*** Opening of RECORDS FOR THE EXERCISE ***

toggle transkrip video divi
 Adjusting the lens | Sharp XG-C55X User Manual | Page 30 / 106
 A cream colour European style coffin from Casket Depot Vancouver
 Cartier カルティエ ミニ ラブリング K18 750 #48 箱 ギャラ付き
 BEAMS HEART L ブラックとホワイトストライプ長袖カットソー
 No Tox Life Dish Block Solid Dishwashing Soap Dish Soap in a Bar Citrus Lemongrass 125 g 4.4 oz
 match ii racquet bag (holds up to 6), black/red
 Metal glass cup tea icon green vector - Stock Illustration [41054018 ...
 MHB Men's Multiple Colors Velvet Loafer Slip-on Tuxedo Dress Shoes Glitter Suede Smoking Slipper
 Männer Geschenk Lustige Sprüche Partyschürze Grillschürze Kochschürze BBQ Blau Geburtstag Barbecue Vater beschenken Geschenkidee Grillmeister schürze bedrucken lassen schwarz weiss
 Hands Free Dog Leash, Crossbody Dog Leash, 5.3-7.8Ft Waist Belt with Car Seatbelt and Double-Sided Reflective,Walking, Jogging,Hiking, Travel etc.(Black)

*** Close of RECORDS FOR THE EXERCISE ***

## INSTRUCTIONS TO FOLLOW
The first line of the listing above through the line containing "BEAMS HEART L ブラックとホワイトストライプ長袖カットソー": print exactly that, both ends included.

## SOLUTION FOR THIS TASK
toggle transkrip video divi
 Adjusting the lens | Sharp XG-C55X User Manual | Page 30 / 106
 A cream colour European style coffin from Casket Depot Vancouver
 Cartier カルティエ ミニ ラブリング K18 750 #48 箱 ギャラ付き
 BEAMS HEART L ブラックとホワイトストライプ長袖カットソー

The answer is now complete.